Now, lets look at a better scenario. Recall when we looked at Term to 100 I mentioned that they’re mostly unavailable in Canada. Term to 100 insurance costs in Universal Life however is still available. So what if you purchased a universal life insurance policy with Term 100 insurance costs and then paid the minimum required premium each year with $0 going into investments? You end up with a policy with level guaranteed premiums for life,and no investments – which is a term to 100. You effectively have a Term to 100 policy with optional investments that you’re not using.
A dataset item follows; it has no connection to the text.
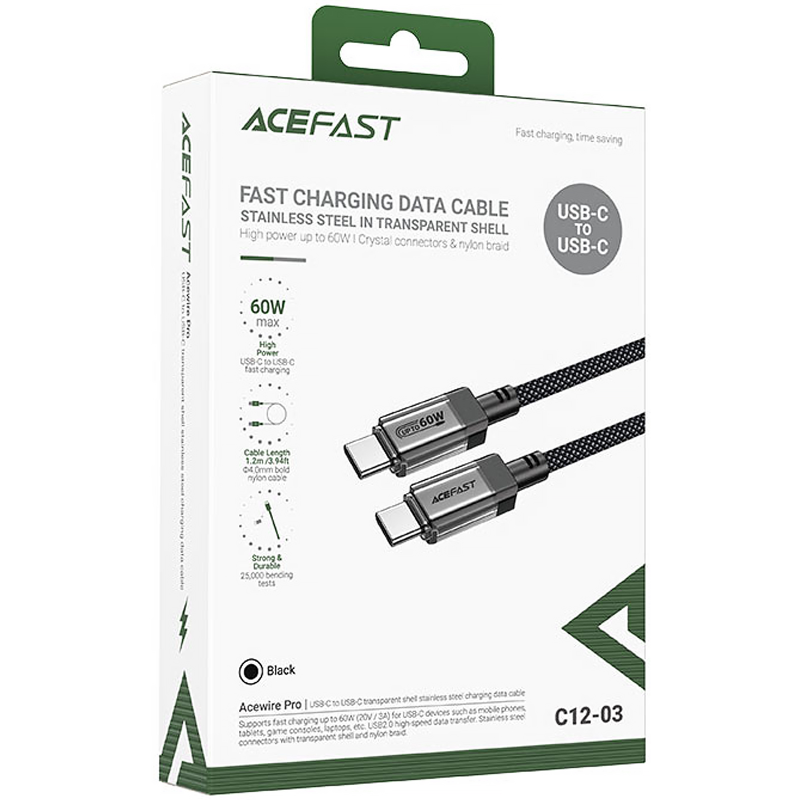 Дата кабель Acefast C12-03 Type-C to Type-C 60W (1.2m), Black 4, купить оптом с доставкой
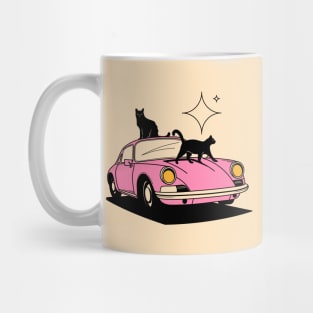 Cool Car Black Cat in beige Mug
Using Universal Life as a Term to 100 by choosing Term 100 insurance costs and paying minimum premiums (no money into investments) is a reasonable and inexpensive way to get permanent life insurance. Most other combinations of insurance costs, investments, and premiums are not guaranteed and should be avoided by most Canadians. A further comment, I wanted permanent life insurance and this is exactly how I solved that – I purchased a universal life insurance policy with Term 100 insurance costs, I pay the guaranteed minimum premium each year. My investment statement from the policy shows a balance of 10 cents. It’s basically pure, lifetime life insurance with level premiums for life.